Pull stamina out of thin air with beet juice
An Olympic athlete, a weekend warrior, two neighbors getting ready to walk the block after supper and a couple on their way to a mountain retreat get-away walk into a bar…
They all order the same drink. What is it?
Beet juice, straight up. Why?
Whether you’re a high performance athlete or you just like to walk for exercise, you probably want to improve your fitness level so you can get the most from your workout.
Of course if you’re competing, like Olympic athletes do, you also want to make sure anything you use to enhance your performance is not only safe, but legal. And that’s why old-fashioned beet root juice is gaining popularity.
Not interested in setting any records? Well, then you just might want to pack beet root juice on your next vacation…
Beetroot juice has been known to improve performance in individuals, regardless of training level for a while now.

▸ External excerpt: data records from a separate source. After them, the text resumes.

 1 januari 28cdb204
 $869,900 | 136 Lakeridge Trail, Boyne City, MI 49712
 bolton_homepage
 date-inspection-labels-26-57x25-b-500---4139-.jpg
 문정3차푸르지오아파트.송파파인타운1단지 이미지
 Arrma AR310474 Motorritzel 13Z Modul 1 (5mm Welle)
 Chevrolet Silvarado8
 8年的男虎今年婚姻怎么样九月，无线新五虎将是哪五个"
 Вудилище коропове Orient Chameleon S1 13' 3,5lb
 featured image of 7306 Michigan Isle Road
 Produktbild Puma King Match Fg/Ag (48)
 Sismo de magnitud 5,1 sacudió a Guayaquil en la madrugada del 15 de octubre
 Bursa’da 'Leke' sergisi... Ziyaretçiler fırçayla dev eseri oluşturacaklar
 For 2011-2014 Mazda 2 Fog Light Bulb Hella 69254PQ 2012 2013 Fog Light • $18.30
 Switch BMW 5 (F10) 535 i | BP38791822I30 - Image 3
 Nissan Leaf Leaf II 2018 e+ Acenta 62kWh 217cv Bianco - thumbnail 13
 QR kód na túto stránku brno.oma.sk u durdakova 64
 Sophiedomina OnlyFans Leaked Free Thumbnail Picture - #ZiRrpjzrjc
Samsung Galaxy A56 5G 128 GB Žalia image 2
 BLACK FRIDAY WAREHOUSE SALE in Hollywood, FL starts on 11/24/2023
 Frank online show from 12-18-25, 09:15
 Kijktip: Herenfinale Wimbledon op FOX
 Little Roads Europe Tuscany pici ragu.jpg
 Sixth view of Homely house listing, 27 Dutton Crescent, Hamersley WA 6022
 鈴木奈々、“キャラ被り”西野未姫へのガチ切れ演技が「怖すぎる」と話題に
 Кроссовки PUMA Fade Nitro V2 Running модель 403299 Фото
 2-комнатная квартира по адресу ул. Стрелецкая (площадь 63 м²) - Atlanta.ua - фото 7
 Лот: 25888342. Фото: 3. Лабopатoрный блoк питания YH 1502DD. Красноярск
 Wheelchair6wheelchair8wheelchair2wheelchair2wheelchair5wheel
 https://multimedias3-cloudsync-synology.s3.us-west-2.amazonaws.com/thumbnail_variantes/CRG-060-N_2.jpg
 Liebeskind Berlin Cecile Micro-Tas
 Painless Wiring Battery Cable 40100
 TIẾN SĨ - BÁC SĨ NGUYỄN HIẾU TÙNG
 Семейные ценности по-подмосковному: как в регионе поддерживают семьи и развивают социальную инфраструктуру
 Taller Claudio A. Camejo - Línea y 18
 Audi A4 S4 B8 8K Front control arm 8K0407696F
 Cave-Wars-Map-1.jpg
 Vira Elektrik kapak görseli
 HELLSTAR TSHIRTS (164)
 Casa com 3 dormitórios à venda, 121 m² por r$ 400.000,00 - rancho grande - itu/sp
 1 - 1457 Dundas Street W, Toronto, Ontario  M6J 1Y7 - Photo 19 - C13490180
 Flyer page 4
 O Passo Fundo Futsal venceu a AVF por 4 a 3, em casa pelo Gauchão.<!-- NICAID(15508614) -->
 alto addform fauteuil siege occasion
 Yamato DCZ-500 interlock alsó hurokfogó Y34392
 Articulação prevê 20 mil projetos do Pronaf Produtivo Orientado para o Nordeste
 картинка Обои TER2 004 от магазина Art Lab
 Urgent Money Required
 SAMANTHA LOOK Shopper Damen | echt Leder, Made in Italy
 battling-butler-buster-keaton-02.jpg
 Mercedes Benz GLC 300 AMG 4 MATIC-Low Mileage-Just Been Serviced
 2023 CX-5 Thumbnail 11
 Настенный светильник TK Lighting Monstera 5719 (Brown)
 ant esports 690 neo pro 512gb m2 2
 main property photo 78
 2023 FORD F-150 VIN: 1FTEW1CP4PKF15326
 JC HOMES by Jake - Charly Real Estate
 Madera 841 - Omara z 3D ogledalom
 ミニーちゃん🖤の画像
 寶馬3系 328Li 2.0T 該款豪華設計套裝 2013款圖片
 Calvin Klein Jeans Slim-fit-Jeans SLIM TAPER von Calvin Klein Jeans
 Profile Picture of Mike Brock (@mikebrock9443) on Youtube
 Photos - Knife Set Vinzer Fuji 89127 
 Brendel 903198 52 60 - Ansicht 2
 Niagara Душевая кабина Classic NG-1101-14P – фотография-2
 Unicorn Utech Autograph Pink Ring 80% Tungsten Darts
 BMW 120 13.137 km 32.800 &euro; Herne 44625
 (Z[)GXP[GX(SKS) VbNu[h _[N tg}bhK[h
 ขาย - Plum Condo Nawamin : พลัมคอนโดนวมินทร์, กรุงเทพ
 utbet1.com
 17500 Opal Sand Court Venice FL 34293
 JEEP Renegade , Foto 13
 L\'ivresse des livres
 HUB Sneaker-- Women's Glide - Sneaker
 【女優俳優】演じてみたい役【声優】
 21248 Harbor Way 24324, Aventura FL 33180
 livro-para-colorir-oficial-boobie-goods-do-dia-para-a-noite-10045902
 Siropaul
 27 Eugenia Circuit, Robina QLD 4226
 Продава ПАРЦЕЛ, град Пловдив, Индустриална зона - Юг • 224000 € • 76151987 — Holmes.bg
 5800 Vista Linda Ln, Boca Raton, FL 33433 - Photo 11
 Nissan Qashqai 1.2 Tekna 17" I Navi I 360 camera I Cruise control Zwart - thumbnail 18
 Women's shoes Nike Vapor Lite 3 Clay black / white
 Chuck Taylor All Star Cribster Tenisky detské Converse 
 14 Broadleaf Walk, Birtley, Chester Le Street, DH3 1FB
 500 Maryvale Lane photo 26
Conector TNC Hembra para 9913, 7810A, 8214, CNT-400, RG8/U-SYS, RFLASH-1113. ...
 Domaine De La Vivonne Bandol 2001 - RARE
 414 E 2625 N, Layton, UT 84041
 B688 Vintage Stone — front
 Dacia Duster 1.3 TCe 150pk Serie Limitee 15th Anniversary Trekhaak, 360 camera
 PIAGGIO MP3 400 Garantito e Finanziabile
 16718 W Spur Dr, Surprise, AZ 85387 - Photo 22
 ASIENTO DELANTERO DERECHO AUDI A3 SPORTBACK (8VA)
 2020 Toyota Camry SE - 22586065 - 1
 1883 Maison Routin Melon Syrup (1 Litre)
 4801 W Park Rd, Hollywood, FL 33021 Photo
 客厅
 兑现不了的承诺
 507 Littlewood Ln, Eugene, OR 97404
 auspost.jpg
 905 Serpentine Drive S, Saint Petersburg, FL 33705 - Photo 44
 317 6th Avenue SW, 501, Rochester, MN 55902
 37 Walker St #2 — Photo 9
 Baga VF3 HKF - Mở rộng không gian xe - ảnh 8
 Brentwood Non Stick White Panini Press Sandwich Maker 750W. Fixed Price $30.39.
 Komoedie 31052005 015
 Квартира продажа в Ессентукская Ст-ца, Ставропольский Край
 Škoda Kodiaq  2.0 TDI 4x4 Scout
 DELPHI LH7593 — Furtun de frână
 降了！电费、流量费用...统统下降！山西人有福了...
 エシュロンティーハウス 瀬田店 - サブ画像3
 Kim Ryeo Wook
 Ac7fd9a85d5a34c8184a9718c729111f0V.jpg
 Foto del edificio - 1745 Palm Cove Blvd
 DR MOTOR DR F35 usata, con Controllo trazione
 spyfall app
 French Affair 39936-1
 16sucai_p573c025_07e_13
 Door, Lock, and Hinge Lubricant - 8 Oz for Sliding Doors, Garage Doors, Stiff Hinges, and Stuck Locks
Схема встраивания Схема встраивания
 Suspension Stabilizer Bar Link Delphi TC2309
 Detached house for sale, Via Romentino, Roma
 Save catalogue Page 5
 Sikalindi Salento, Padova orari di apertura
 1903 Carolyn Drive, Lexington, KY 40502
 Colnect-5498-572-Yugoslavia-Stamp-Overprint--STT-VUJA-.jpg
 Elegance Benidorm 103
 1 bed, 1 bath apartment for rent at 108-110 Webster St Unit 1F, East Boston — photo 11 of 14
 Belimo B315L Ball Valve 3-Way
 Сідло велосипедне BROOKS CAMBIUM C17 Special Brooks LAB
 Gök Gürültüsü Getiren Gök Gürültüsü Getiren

And the reason has to do with beet juice’s high nitrate content.
Dietary nitrates, found in a few special foods like beets, are converted within your body to nitric oxide, a compound that helps blood vessels dilate so more oxygen-rich blood can flow through your body. This helps muscle to recover much quicker and in turn helps you build muscle power faster.
Nitric oxide is important for regulating the cardiovascular system; it supports healthy blood pressure and circulation which naturally boosts energy. So you could say beet juice is the superjuice that keeps your arteries loose.
People drinking beet juice supplementation require less oxygen to walk, run, or exercise. They can tolerate higher-intensity exercise because blood pressure remains lower, and there’s less strain on the heart.
And a study at Leeds Beckett University indicate that supplements from red beets can significantly improve athletic performance by allowing the body to perform well even in environments with thin air…
When you hear people say that the “air is thinner” at higher altitudes, they really mean there is less available oxygen to fuel your muscles. So finding a means by which the body needs and uses less oxygen would allow you to participate longer and better in activities at higher altitudes.
Putting it to the test
In the altitude study at Leeds Beckett University, researchers examined effects of nitrate-rich beet juice on participants with a wide range of aerobic fitness levels. They were tested while they ran on treadmills at an altitude simulation of more than 8,200 feet.
Researchers measured the rate of oxygen used by the body, the amount of oxygen in the blood, and the participant’s heart rate during the study. They also monitored blood pressure and rate of exertion as participants performed a variety of physical tests in an altitude chamber at the university.
They found that the average oxygen uptake was significantly lower after taking the beetroot supplement; and performance, regardless of fitness level or altitude, was enhanced by an average of 3.2 percent. Bank that for high altitude exercise.
Drink away altitude sickness
But there’s something else that beet root juice may help you tolerate better, even if you’re not an athlete. In fact, if you’re planning a vacation get-away to the mountains — whether skiing is on your agenda or not — there’s all the more reason to fuel up with beet root juice… and that’s altitude sickness.
Even mild altitude sickness can put a big damper on travel. No one wants to spend days suffering from headache, loss of appetite, nausea and sleeplessness while waiting for your body to acclimate.
The symptoms of altitude sickness occur because blood vessels tend to contract at high altitude. Given what we know about beetroot juice and its ability to dilate blood vessels, a team of Norwegian and Swedish researchers decided to see if they could improve blood vessel function at high altitude simply by having test subjects drink beet juice.
They measured blood vessel function with a standard test of arterial endothelial function, a flow-mediated dilatation test (FMD) that uses ultrasound.
In their study recently published in Nitric Oxide: Biology and Chemistry, the researchers showed that consumption of organic nitrate-rich beet juice restored reduced blood vessel function at high altitude.
So next time you plan a visit to higher ground, or need a stamina boost, reach for beet juice. Not a fan? Try beet supplements.
But whatever you do, be careful not to decrease you body’s natural ability to make nitric oxide. One way to do that is to avoid mouthwash. Dietary nitrate feeds into a pathway that produces nitric oxide with the help of friendly bacteria found in your mouth.
Researcher Eddie Weitzberg says that powerful mouthwashes may restrict the benefits of dietary nitrates on muscle function: “We need oral bacteria for the first step in nitrate reduction. You could block the effects of inorganic nitrate if you use a strong mouthwash or spit [instead of swallowing your saliva]. In our view, strong mouthwashes are not good if you want this system to work.”